Kandydat na prezydenta Inowrocławia Marcin Wroński wydał oświadczenie z okazji Święta Pracy, w którym przypomina, że około 25% mieszkańców tego miasta oficjalnie nie ma pracy i zarzuca prezydentowi Ryszardowi Brejzie, że nie potrafi tej sytuacji odmienić.
Inowrocław nie może funkcjonować dzięki kuracjuszom i turystyce, ponieważ to nierealne – ekonomiczna fikcja. Miasto mające 70 tysięcy mieszkańców potrzebuje przemysłu, a nie tylko 1700 łóżek w sanatoriach.Chcemy podkreślić, że Inowrocław to nie tylko Solanki, to również zwykli mieszkańcy, którzy chcą mieć pracę, wykazać dochody, uzyskać kredyt na zakup mieszkania, czy samochodu. Przez ostatnie 10 lat miasto skupiło się na pozyskiwaniu funduszy unijnych głównie na Solanki – czytamy w komunikacie ruchu Nowy Inowrocław Marcina Wrońskiego.
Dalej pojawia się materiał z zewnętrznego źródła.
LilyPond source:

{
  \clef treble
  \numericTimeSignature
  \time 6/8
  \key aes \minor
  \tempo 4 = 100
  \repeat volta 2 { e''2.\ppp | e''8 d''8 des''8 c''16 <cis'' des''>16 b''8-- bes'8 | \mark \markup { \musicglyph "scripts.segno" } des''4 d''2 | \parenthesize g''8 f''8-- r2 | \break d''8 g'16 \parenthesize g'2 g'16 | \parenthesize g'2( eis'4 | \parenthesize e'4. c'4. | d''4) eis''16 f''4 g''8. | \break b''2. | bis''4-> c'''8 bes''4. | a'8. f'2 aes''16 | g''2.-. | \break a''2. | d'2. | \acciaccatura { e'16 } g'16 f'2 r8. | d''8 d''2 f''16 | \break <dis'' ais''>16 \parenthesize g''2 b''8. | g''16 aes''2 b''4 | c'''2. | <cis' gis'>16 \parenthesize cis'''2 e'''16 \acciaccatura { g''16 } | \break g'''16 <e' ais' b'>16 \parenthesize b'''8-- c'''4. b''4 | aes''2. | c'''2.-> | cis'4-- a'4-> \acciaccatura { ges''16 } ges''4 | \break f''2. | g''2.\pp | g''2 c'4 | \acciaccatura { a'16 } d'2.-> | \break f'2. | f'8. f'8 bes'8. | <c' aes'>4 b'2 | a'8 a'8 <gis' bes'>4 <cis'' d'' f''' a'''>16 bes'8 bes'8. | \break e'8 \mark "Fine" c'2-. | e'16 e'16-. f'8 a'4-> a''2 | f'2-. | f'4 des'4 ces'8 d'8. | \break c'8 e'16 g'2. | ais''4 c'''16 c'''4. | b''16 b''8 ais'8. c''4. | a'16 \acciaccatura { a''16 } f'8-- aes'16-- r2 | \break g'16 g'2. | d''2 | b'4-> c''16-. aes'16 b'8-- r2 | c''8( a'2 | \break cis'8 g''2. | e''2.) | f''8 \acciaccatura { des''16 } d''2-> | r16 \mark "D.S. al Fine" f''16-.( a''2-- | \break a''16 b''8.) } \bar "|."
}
Według ostatnich danych Urzędu Pracy od grudnia 2011 roku przybyło 556 bezrobotnych. Prezydent otwierając strefy gospodarcze zapewniał, że będą w tym miejscu pojawiać się ludzie zadowolenie z faktu posiadania pracy. Wspominał, że może spotkać się tam za kilkanaście miesięcy. Niedługo minie 30 miesięcy od tych słów. Należy przyznać, że prezydent co do wyglądu Solanek to ma nosa, ale to za mało na miasto wielkości Inowrocławia. Musimy mieć przemysł na skalę takich firm jak kiedyś była: Huta Szkła „Irena”, Modus, Igal, Domgos, IPB, Zakłady Mięsne i wiele innych.